## Instructions to follow
Pick out all lines with the word "Road" from the records that follow.

(Short descriptive text snippets)
-- Opening Marker --
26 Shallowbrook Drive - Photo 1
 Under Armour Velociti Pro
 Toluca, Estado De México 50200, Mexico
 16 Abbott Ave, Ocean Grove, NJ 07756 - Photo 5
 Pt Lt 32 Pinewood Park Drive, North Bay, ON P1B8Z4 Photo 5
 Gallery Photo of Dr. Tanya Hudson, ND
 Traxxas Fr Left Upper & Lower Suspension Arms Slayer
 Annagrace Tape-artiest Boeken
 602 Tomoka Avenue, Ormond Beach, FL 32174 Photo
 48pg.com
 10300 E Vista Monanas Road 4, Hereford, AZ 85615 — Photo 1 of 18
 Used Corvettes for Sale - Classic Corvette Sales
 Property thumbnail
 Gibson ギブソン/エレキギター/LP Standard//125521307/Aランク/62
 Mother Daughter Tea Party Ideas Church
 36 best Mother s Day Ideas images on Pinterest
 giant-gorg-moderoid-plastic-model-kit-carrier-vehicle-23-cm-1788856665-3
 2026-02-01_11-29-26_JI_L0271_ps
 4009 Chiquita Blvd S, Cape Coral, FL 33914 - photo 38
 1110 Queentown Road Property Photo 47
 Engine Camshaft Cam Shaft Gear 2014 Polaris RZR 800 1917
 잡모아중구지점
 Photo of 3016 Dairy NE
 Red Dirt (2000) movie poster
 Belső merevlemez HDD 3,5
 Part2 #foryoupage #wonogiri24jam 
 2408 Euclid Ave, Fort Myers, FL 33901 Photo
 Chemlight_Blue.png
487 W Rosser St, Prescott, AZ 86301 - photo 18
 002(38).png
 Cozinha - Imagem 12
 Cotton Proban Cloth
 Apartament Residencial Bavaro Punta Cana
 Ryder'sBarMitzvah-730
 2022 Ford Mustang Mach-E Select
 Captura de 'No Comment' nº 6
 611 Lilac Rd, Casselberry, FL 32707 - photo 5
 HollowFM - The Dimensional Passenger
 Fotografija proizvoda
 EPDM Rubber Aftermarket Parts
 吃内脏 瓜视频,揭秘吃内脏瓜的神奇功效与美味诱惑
-- Closing Marker --
## Result of the exercise
 10300 E Vista Monanas Road 4, Hereford, AZ 85615 — Photo 1 of 18
 1110 Queentown Road Property Photo 47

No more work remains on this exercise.